Warriors brief: Klay Thompson on pace for best playoffs yet

When it comes to scoring, Klay Thompson is way ahead of pace of his previous playoff runs. It is clear that Klay has reached a comfort zone to start off the 2018 playoffs, scoring nearly 26 points per game on 63 percent shooting from the field and 65 percent shooting from deep. He has not scored less than 19 points through three games, and has not shot less than 50% from deep so far.

In last year's postseason, Klay struggled to find his shot. He only scored 19 points or more in four of the 17 games played, and shot 50 percent or better from three-point range in five of the 17 games. 

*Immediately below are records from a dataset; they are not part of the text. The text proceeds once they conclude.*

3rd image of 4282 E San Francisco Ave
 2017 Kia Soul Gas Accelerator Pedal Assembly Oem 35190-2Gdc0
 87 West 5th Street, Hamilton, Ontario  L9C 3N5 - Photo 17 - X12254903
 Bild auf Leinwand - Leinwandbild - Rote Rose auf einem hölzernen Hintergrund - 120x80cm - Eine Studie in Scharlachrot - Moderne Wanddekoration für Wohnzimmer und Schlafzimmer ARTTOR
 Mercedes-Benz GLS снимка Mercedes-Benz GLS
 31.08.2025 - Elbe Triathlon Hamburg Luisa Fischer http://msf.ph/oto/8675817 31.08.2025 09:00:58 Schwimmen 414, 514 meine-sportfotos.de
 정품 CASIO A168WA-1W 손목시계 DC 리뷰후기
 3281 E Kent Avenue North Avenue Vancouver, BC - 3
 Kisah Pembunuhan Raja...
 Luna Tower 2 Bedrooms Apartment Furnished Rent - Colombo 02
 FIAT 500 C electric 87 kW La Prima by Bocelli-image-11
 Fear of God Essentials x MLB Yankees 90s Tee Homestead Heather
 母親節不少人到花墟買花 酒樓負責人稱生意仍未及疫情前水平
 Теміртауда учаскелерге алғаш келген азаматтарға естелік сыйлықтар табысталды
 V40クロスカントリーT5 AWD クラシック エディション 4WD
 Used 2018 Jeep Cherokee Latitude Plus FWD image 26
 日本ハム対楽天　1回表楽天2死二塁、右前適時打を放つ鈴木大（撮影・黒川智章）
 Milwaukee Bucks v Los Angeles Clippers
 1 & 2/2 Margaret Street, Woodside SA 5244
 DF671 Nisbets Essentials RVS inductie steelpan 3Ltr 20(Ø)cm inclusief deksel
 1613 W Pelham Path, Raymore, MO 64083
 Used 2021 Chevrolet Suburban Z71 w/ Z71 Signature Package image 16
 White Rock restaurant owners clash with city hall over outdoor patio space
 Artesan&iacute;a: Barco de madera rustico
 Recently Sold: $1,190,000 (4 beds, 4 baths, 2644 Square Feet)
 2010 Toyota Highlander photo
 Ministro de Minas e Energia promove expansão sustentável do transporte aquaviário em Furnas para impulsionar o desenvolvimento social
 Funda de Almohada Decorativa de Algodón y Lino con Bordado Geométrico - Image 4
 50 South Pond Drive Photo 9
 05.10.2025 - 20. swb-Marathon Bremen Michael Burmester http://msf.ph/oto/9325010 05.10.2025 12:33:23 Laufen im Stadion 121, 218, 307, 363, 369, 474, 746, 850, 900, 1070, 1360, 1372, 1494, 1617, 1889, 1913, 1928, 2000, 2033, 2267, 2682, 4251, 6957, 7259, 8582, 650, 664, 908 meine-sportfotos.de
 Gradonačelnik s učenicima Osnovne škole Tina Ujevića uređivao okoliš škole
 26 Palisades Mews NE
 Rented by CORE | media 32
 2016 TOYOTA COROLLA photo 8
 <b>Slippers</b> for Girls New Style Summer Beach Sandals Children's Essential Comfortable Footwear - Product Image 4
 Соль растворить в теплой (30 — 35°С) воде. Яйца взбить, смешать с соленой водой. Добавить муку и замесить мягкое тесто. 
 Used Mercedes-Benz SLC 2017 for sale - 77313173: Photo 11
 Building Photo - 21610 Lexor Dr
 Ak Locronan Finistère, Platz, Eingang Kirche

In the 2015-16 playoffs, Klay Thompson performed at an exceptional level. In 16 of his 24 games Klay scored 19 or more points and in 10 of the 24 games, he shot 50 percent or better from deep. 

As of now, he is far and away ahead of pace of even his stellar performance a couple years ago. It has only been three games, but so far, so great for Klay. 

It's hard to find a fault in any of Kevin Durant's play of late. His defense has jumped up a notch since the end of the regular season malaise, his rebounding numbers are consistent as usual, and he has even shared the ball with much success, averaging over six assists per game thus far in the playoffs. It takes a little nitpicking to find any issues in his game, but right now his three-point shot is just not falling. 

Deep Impact

Over the first 63 games he played in the regular season, Kevin Durant shot 43 percent from deep, which would have been a season high in long-range shooting and high atop the NBA leaderboard. However in the last eight games, including the playoffs, Durant has shot 28 percent from deep (15-of-53, to be exact). Durant really has not found any consistency with his three-point shot of late, especially if you eliminate the second half of Game 2 against San Antonio in which he made three of four attempts from deep,

Having said all of that, Durant has averaged nearly 27 points per game during that same eight-game stretch, and he has shot over 52 percent from the field in the playoffs so far. So a fair warning to the playoff challengers that lie ahead for the Warriors: Watch out for when Kevin Durant gets back into a three-point groove. 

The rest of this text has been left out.